Sanguinarine enhances cisplatin sensitivity via glutathione depletion in cisplatin-resistant ovarian cancer (A2780) cells.

Ovarian cancer is considered as one of the most lethal gynecological cancers, and cisplatin-based therapy has an important role as the first-line option for chemotherapy.

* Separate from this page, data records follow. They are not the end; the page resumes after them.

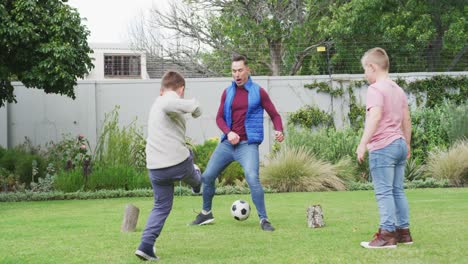 Glücklicher-Kaukasischer-Vater-Mit-Zwei-Söhnen,-Die-Im-Garten-Fußball-Spielen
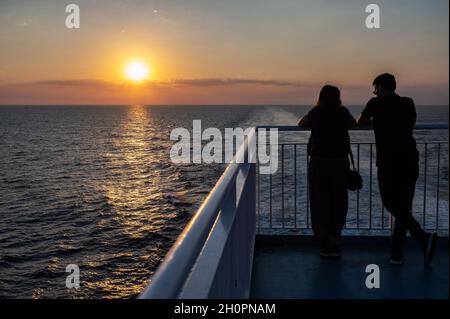Sonnenuntergang über dem Mittelmeer von der Fähre zwischen Toulon und Korsika aus gesehen. Paar auf dem Deck mit Ellbogen auf der Leitplanke und Blick Stockfoto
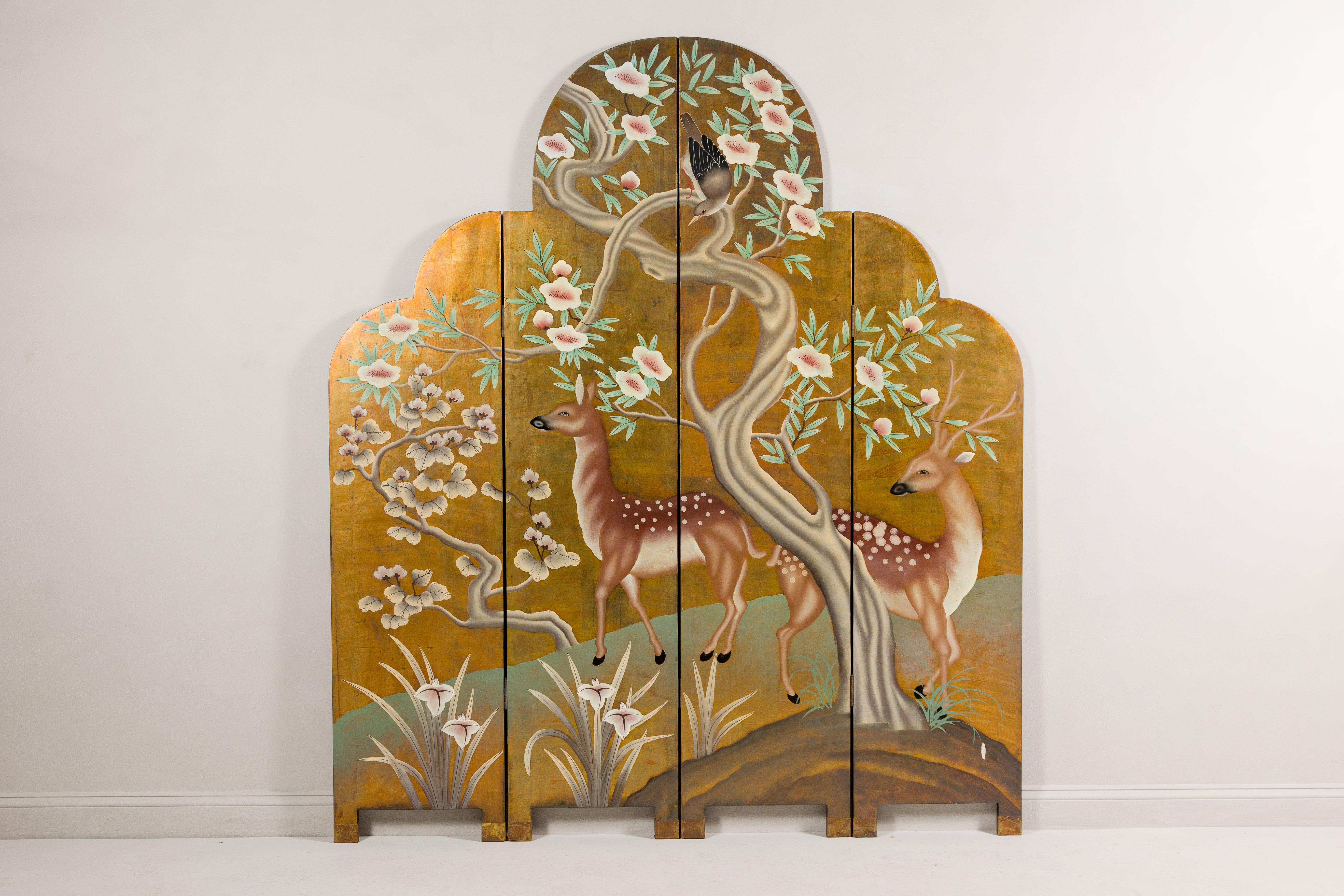 A vintage four-panel gilded wood screen adorned with deer, bird, trees and flowers. This vintage four-panel gilded wood screen is a stunning work of art that transports you into a serene natural landscape. Each panel is a masterpiece, participating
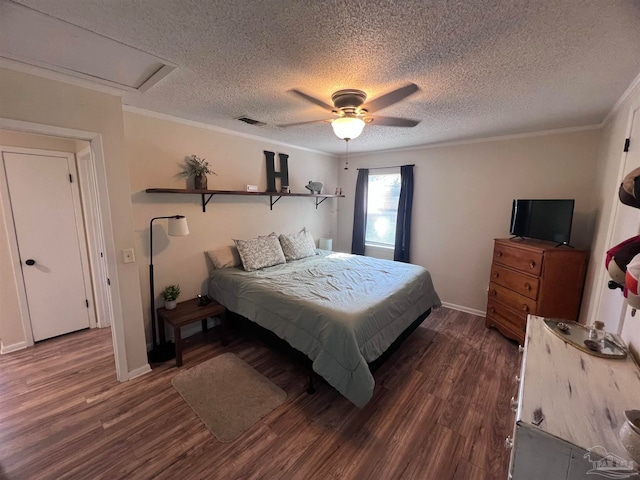 bedroom with a textured ceiling, dark hardwood / wood-style flooring, ceiling fan, and ornamental molding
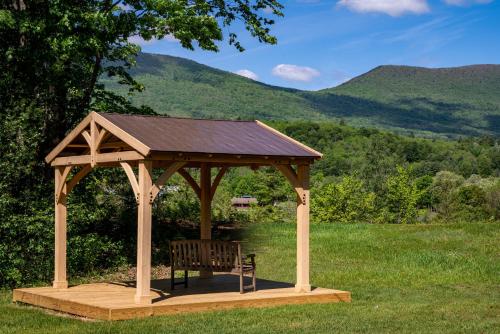 a wooden gazebo with a bench in a field at Aspen at Manchester in Manchester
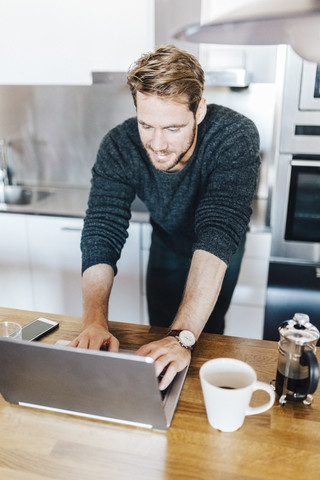 Lächelnder Mann steht in der Küche und benutzt einen Laptop, lizenzfreies Stockfoto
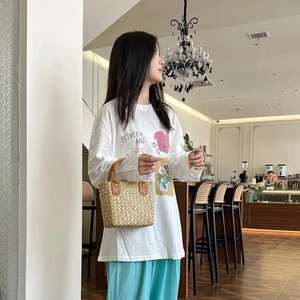 Detail of a woven straw handbag with brown leather handles held by a model in casual attire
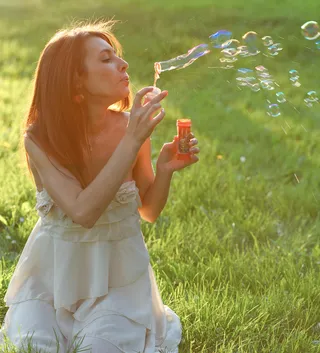 草地美女吹泡泡图片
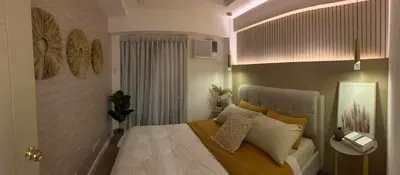 a bedroom with a bed in a room with at Luxury 1 BR Suite Near NAIA in Manila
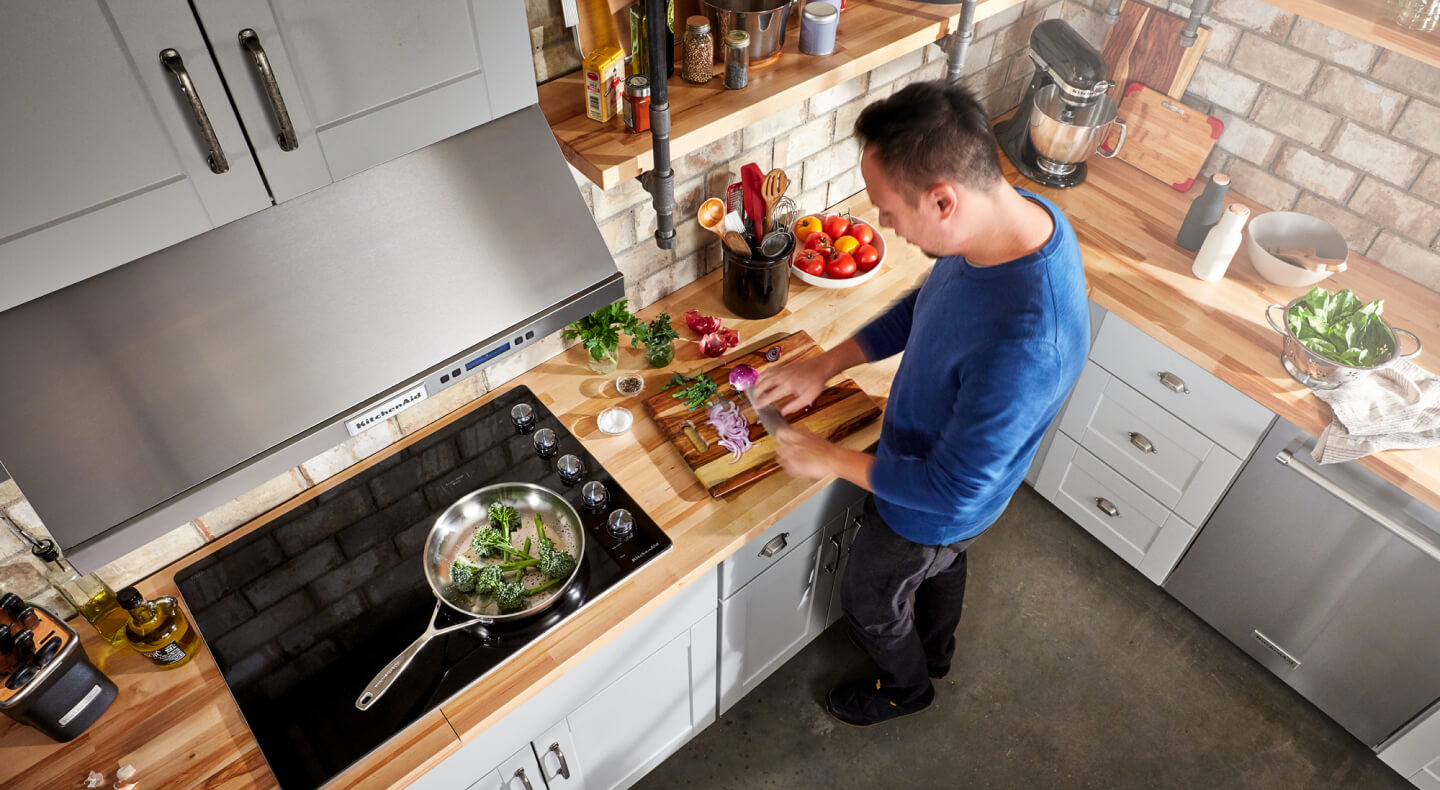 A person chopping vegetables next to their glass cooktop A person chopping vegetables next to their glass cooktop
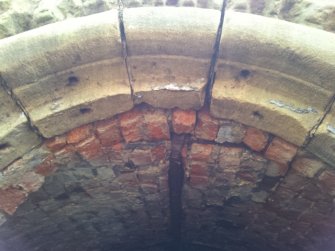 Head of ice house entrance showing drilled holes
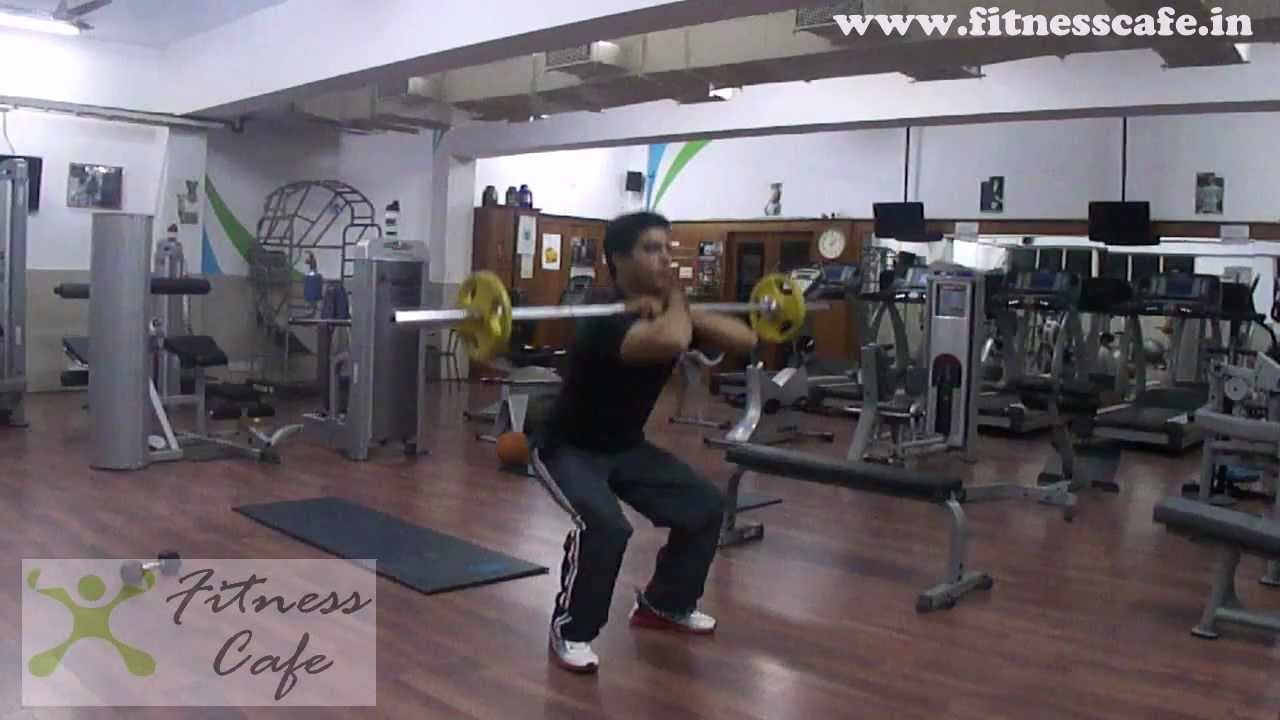 barbell front squat to target thigh muscle from fitness cafe gym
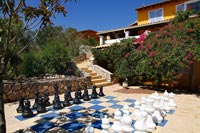 Large outdoor chess set on terrace next to Mediterranean style house 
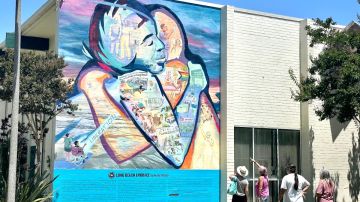 Residentes de Long Beach se detienen a admirar el recién inaugurado mural 'Long Beach te abraza'.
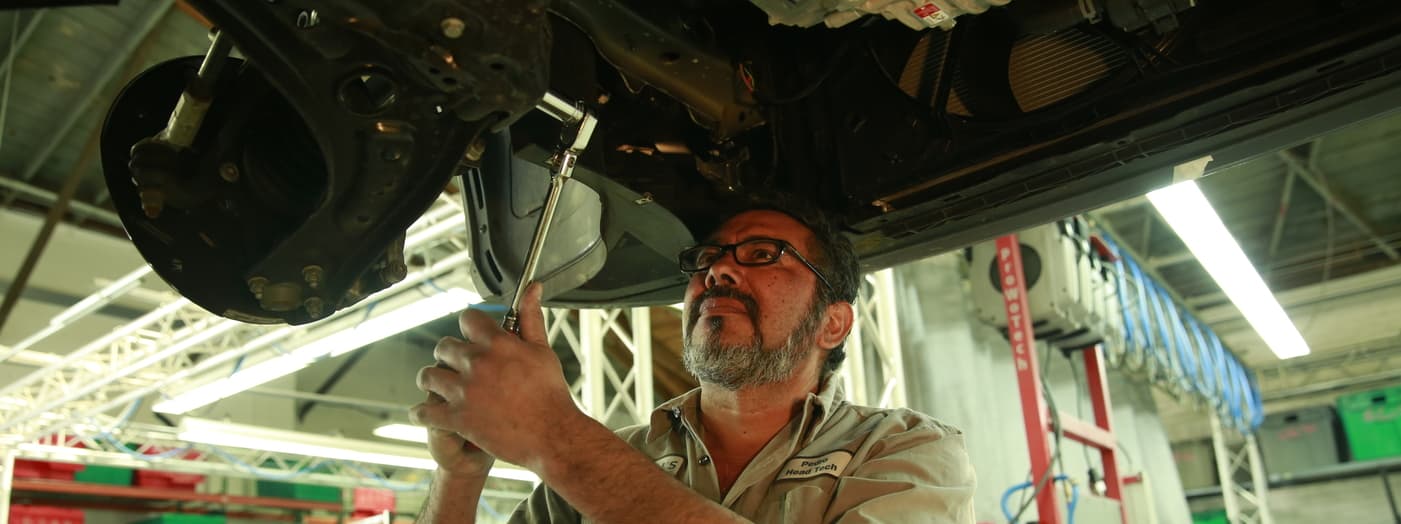 Eli's Collision Repair Center associate fixing vehicle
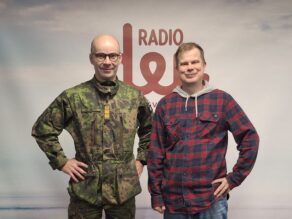 Kenttärovasti Risto Kaakinen ja käsikirjoittaja-dramaturgi Ari-Pekka Lahti Radio Dein logon edessä.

Resistance to chemotherapy is the main obstacle against successful cancer chemotherapy with cisplatin. Therefore, identifying potent compositions and molecules with fewer side-effects is a big challenge to overcome cisplatin resistance. In this study, we investigated the possible mechanism and potency of sanguinarine, a plant-derived alkaloid, in human cisplatin-resistant ovarian cancer (A2780/R) cells. The effect of sanguinarine on cytotoxicity of cisplatin was determined by MTT assay. Apoptosis-inducing effect of sanguinarine alone and in combination with cisplatin was evaluated by annexin V/PI assay and DAPI staining. Intracellular glutathione (GSH) content was quantitated using GSH assay kit after treatment with sanguinarine. Results indicated that sanguinarine enhances the sensitivity of A2780/R cells to cisplatin. Apoptosis-inducing effect of cisplatin was also enhanced when combined with sanguinarine. Furthermore, sanguinarine reduced intracellular GSH content in a dose-dependent but not time-dependent manner. These findings suggest that sanguinarine could reverse cisplatin resistance in A2780/R cells through GSH reduction. Therefore, sanguinarine can be used as one of the potent adjuvants for ovarian cancer chemotherapy.